Overall, the measured baseline patient characteristics of initiators of insulin glargine vs. human NPH insulin were similar, with slight differences noted for age, sex, year of treatment initiation, and concomitant medication use. These differences were reduced to a clinically insignificant level or eliminated entirely using propensity score weighting. To address concern about residual confounding by BMI, the authors conducted two validation studies in external populations. In both studies, the distribution of BMI was virtually identical in initiators of insulin glargine and in initiators of human NPH insulin.

The example provides evidence that the ACNU study design can enhance the validity of non-experimental studies through the following: (1) aligning individuals at a uniform point in time to start follow-up (i.e., initiation of a drug), (2) ensuring the correct temporality between covariate and exposure assessment, and (3) mitigating measured and unmeasured confounding by design through the selection of an appropriate AC that led to the inclusion of patients that had the indication for treatment augmentation.

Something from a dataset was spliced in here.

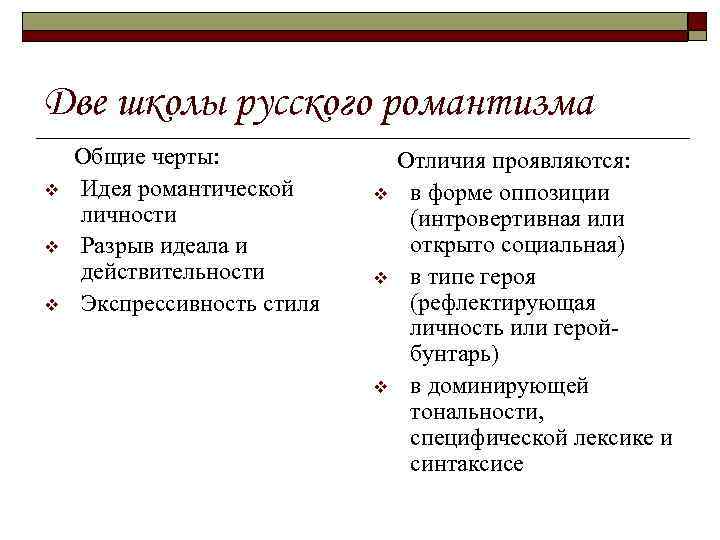 Две школы русского романтизма v v v Общие черты: Идея романтической личности Разрыв идеала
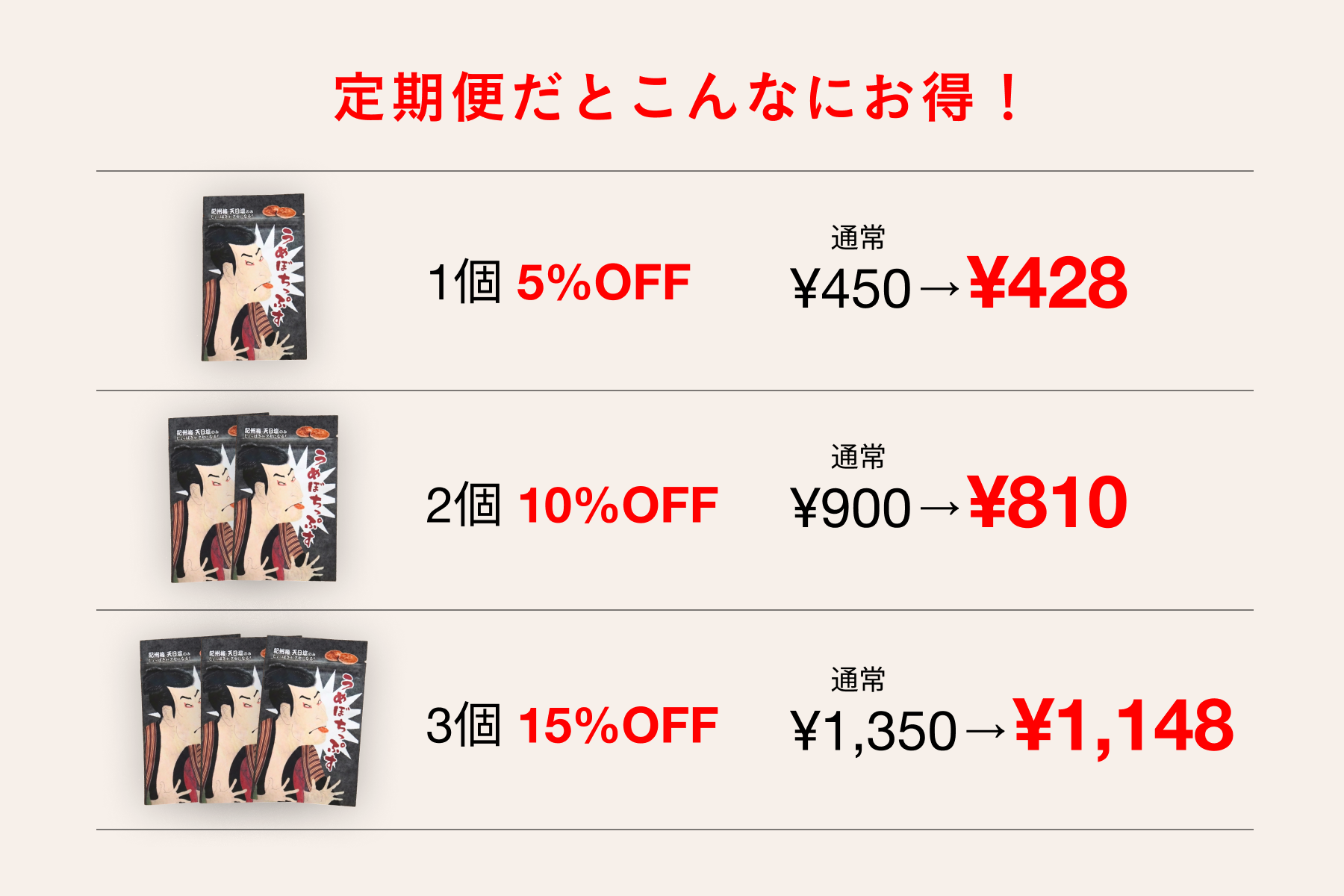 【定期便】うめぼちっぷす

There are important limitations of this approach worthy of note. “Real-world” treatment dynamics, i.e., few patients stay on the initial insulin over extended periods of time, limits the evaluation of the cumulative effect of treatment beyond 2 years. This is important for interpretation of the study findings and whether concerns over the “longer-term” effects (e.g., 2+ years) of treatment exposure on cancer risk are warranted from a public health perspective. Furthermore, data on long-term use available when studying prevalent rather than incident users would not answer a clinically relevant question (we cannot “assign” anyone to long-term use) and would suffer from the selection introduced by focusing on a very small fraction of all those that have ever been exposed to the drug. Another potential limitation of the as-treated approach is the concern about informative censoring. The first treatment-carried-forward analyses that eliminate selection bias support the primary as treated analysis, however. Further work on evaluating the impacts of informative censoring in an ACNU design is indicated. Finally, we need to assume that the BMI balance observed in the external validation studies would be transportable to the main study.

Conclusions

Advances in our understanding of how non-experimental study design and treatment dynamics impact the validity of pharmacoepidemiologic studies have laid the foundation for the modern implementation of the ACNU design. The ACNU design offers the theoretical advantage of mitigating confounding bias by indication, healthy user, and frailty at the design stage without depending on good measures for these (i.e., prior to and independent of the application of analytic methods). The ACNU design is considered the current standard in pharmacoepidemiologic research that should be implemented whenever possible. The ACNU design can be easily implemented within large automated health care databases. As evidence accrues with respect to the scenarios under which the theoretical benefits are most likely to be actualized, the ACNU design is expected to gain further popularity.